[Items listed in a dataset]
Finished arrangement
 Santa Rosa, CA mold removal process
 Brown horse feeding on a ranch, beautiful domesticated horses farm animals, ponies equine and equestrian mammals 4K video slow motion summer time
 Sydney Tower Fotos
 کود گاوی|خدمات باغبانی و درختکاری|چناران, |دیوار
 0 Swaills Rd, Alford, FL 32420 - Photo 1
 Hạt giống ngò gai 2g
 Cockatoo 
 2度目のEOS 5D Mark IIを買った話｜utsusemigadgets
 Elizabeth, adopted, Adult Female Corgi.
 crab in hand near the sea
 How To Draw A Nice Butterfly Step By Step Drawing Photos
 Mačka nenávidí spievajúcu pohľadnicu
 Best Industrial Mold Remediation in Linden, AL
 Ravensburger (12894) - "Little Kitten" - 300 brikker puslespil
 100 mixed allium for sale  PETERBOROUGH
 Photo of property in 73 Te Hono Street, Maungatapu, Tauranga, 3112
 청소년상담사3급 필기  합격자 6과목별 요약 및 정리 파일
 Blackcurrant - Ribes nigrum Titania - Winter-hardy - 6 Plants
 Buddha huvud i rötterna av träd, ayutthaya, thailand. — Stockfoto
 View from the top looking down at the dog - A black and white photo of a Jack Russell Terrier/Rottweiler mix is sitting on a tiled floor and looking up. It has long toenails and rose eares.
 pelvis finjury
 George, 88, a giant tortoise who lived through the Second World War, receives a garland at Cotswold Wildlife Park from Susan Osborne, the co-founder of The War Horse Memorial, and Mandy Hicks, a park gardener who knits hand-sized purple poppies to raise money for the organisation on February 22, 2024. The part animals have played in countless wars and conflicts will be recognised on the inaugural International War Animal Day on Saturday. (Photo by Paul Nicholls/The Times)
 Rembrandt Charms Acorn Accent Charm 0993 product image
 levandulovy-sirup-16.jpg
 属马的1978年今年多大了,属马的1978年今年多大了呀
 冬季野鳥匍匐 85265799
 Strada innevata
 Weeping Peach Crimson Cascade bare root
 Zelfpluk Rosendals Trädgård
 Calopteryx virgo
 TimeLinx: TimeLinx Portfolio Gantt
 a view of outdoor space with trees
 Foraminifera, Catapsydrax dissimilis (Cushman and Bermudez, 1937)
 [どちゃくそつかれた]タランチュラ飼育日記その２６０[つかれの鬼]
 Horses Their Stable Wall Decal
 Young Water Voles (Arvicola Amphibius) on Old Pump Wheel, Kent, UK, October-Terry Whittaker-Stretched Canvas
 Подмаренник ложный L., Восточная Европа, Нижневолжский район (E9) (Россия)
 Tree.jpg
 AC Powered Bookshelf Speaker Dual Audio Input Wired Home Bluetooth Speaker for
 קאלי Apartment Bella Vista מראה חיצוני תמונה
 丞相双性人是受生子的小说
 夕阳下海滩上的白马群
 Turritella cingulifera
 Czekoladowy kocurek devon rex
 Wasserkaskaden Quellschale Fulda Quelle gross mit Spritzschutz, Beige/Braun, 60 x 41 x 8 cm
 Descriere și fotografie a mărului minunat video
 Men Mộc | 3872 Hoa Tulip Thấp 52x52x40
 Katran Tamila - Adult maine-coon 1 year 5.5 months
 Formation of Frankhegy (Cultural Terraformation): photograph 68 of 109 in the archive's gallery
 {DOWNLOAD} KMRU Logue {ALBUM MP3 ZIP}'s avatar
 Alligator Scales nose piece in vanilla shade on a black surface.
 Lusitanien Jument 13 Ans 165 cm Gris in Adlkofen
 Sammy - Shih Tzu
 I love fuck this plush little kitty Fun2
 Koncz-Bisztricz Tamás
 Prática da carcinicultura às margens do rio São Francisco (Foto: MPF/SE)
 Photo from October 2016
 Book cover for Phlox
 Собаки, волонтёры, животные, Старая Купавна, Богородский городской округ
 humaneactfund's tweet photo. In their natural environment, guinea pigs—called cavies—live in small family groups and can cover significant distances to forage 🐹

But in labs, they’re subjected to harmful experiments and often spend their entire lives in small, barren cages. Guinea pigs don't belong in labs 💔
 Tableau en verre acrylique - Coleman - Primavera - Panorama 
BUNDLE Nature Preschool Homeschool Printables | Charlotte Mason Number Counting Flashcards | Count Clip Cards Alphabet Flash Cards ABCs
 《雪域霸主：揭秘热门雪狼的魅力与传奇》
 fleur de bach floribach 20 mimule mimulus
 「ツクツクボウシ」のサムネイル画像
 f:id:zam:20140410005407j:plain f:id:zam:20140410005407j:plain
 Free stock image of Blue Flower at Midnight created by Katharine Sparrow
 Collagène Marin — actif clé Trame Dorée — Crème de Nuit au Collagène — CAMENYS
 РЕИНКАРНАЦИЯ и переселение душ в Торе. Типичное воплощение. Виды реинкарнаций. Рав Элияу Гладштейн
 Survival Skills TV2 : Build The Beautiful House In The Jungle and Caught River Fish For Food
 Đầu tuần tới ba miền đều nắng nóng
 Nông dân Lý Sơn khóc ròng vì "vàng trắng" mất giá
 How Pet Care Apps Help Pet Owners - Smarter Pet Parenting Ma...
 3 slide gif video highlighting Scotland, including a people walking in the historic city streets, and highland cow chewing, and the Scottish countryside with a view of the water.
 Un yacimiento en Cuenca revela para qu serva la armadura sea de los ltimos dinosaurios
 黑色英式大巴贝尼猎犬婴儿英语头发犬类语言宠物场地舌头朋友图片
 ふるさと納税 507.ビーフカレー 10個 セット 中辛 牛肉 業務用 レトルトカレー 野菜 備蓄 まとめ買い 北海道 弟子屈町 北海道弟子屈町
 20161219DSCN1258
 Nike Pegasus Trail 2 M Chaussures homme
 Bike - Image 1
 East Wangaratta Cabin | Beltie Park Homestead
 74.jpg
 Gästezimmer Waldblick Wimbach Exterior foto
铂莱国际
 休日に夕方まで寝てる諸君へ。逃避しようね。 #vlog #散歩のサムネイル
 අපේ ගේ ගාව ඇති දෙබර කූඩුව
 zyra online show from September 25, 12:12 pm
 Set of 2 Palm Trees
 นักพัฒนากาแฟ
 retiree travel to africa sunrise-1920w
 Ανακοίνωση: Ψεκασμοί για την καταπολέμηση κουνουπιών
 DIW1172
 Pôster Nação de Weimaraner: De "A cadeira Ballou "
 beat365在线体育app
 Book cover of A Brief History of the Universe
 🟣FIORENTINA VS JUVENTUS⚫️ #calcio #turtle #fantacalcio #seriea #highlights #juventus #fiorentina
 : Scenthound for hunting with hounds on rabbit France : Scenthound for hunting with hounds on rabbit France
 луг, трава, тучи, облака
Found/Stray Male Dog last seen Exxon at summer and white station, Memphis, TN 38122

Problem to work on:
Repeat the entries above verbatim, but only from the line that has "Hạt giống ngò gai 2g" down to the line that has "a view of outdoor space with trees", inclusive.

Answer section:
 Hạt giống ngò gai 2g
 Cockatoo 
 2度目のEOS 5D Mark IIを買った話｜utsusemigadgets
 Elizabeth, adopted, Adult Female Corgi.
 crab in hand near the sea
 How To Draw A Nice Butterfly Step By Step Drawing Photos
 Mačka nenávidí spievajúcu pohľadnicu
 Best Industrial Mold Remediation in Linden, AL
 Ravensburger (12894) - "Little Kitten" - 300 brikker puslespil
 100 mixed allium for sale  PETERBOROUGH
 Photo of property in 73 Te Hono Street, Maungatapu, Tauranga, 3112
 청소년상담사3급 필기  합격자 6과목별 요약 및 정리 파일
 Blackcurrant - Ribes nigrum Titania - Winter-hardy - 6 Plants
 Buddha huvud i rötterna av träd, ayutthaya, thailand. — Stockfoto
 View from the top looking down at the dog - A black and white photo of a Jack Russell Terrier/Rottweiler mix is sitting on a tiled floor and looking up. It has long toenails and rose eares.
 pelvis finjury
 George, 88, a giant tortoise who lived through the Second World War, receives a garland at Cotswold Wildlife Park from Susan Osborne, the co-founder of The War Horse Memorial, and Mandy Hicks, a park gardener who knits hand-sized purple poppies to raise money for the organisation on February 22, 2024. The part animals have played in countless wars and conflicts will be recognised on the inaugural International War Animal Day on Saturday. (Photo by Paul Nicholls/The Times)
 Rembrandt Charms Acorn Accent Charm 0993 product image
 levandulovy-sirup-16.jpg
 属马的1978年今年多大了,属马的1978年今年多大了呀
 冬季野鳥匍匐 85265799
 Strada innevata
 Weeping Peach Crimson Cascade bare root
 Zelfpluk Rosendals Trädgård
 Calopteryx virgo
 TimeLinx: TimeLinx Portfolio Gantt
 a view of outdoor space with trees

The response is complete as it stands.